**Work item:** In the reply, give back exactly the lines from the one with "Dinofroz 03" through the last line of the records, without pictures.

======== Task inputs

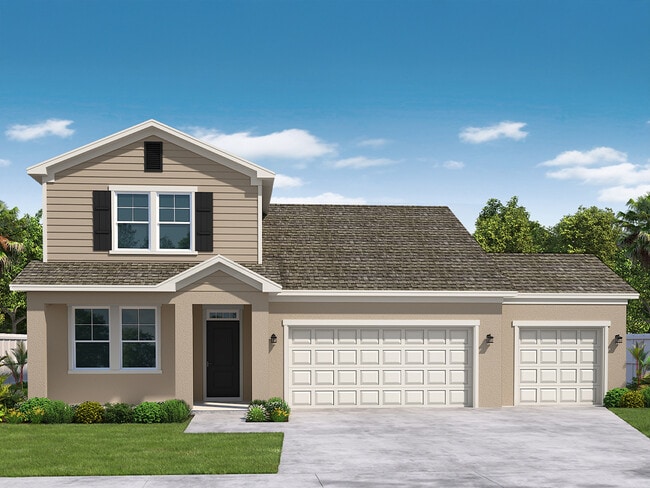 Primary Photo - 3008 20th Ave W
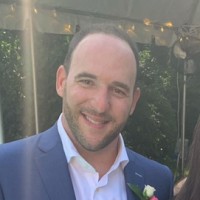 David Greene, Cpa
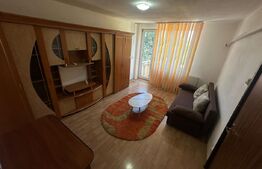 Apartament 2 camere, 60 mp, complet utilat si mobilat, zona Rovine 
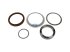 DT Spare Parts - Repair kit - 4.91682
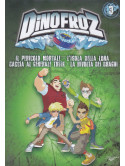 Dinofroz 03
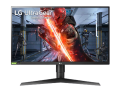 LG UltraGear 27GN750-B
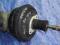 AUDI A8 S8 D2 SERWO POMPA HAMULCOWA 4D0612105F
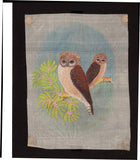 Bird Art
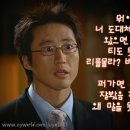 새로이 이미지
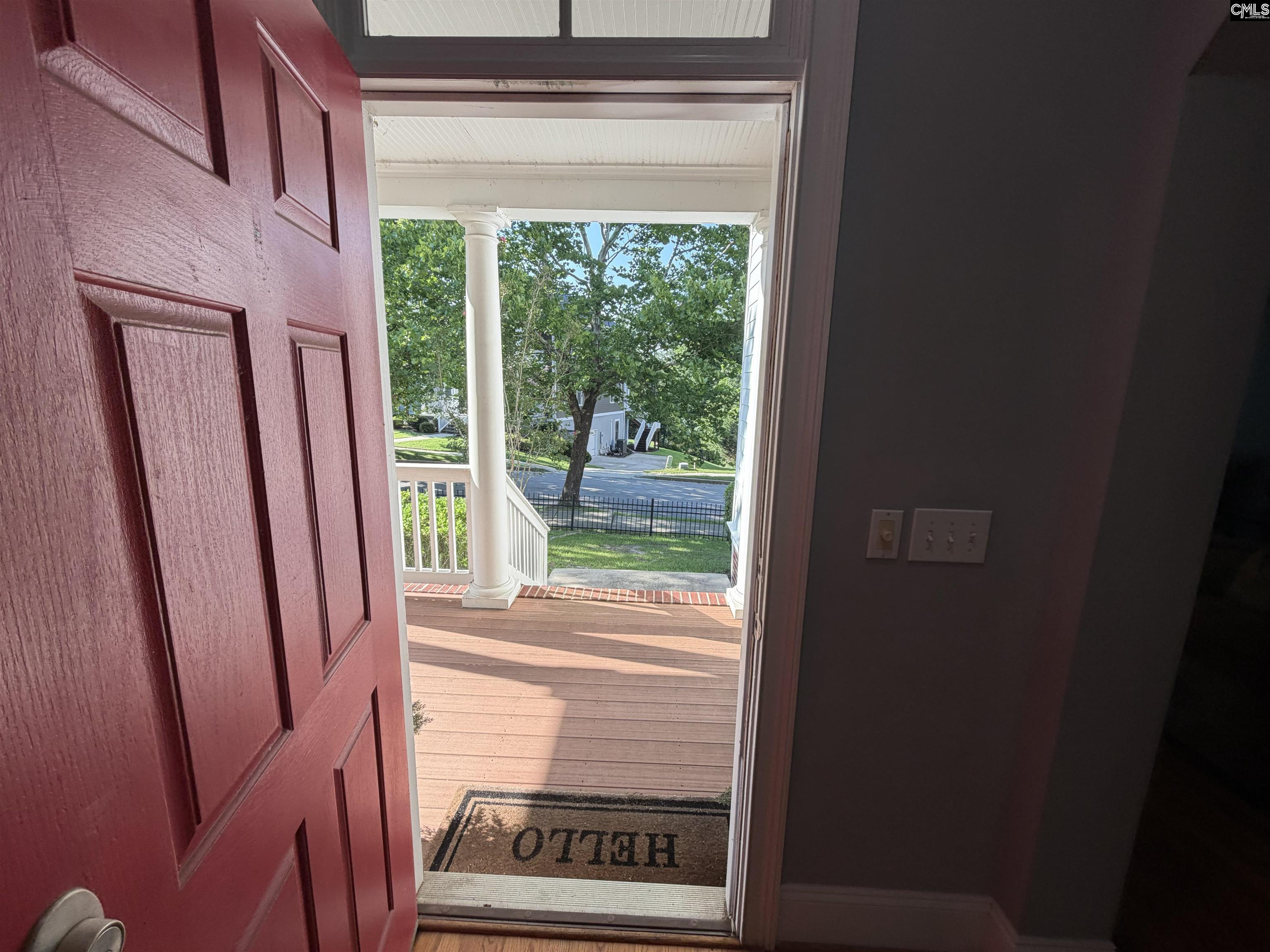 142 Ratchford Way Columbia, SC 29229 - Photo 4 of 29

================

**Answer space:**
 Dinofroz 03
 LG UltraGear 27GN750-B
 AUDI A8 S8 D2 SERWO POMPA HAMULCOWA 4D0612105F
 Bird Art
 새로이 이미지
 142 Ratchford Way Columbia, SC 29229 - Photo 4 of 29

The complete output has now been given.